Overview of Maryland Online Data Privacy Act

Maryland’s Online Data Privacy Act (MODPA) establishes baseline obligations for how you handle personal data about Maryland residents online. It centers on data minimization, purpose limitation, transparency, and giving people practical control over their information.

For healthcare organizations, MODPA does not replace sectoral rules. Instead, it layers onto your existing obligations, creating a dual regulatory framework in which you must distinguish between data governed by HIPAA and personal data governed by MODPA.

MODPA’s requirements generally apply when you determine the purposes and means of processing personal data in a commercial or organizational context. The statute’s consumer-focused scope means you should examine your web, mobile, and off-portal data flows—especially where they intersect with marketing, analytics, and third-party technologies.

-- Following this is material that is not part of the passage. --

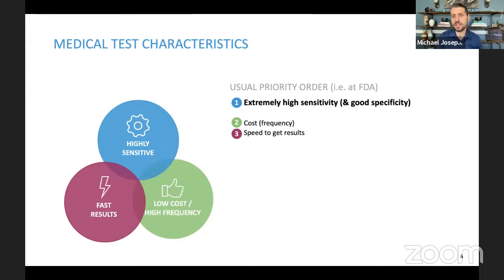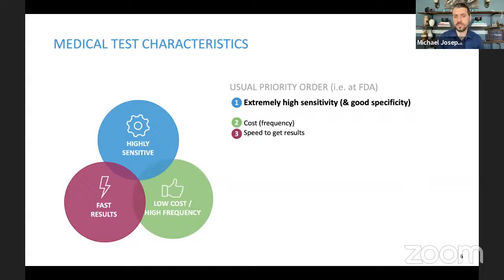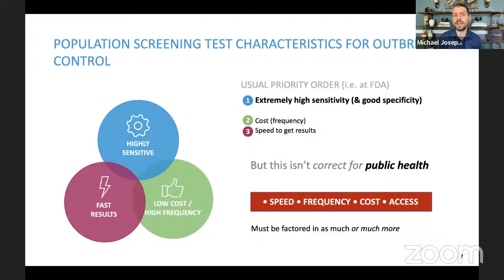While we have focused on personal health from the beginning, we should have focused on population health as a tool to combat this virus. All of the regulatory framework and decisions have been made considering tests as medical diagnostic tools. Besides diagnostic medicine, we have population screening and population surveillance. Some of the biggest forms include wastewater surveillance. In medicine, we have prioritized high sensitivity and good specificity. Cost and frequency are generally disregarded, and speed to get results is assumed to be appropriate for medical testing.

HIPAA Covered Entity Standards

HIPAA sets rigorous standards for Protected Health Information (PHI) handled by covered entities and their business associates. Core rules include the Privacy Rule (uses/disclosures and minimum necessary), the Security Rule (administrative, physical, and technical safeguards), and the Breach Notification Rule.

Business Associate Agreements (BAAs) require partners to protect PHI and restrict its use. De-identification under HIPAA (safe harbor or expert determination) removes data from PHI status when executed correctly. These foundations remain intact under MODPA; you must keep them fully implemented and documented.

Key HIPAA concepts you should anchor

  • Protected Health Information: individually identifiable health information linked to care, payment, or operations.
  • Minimum necessary: restrict PHI use and access to what is needed for a defined purpose.
  • BAA governance: vet, contract, and monitor vendors that create, receive, maintain, or transmit PHI.
  • De-identification: ensure irreversible de-identification before treating data as non-PHI for broader use.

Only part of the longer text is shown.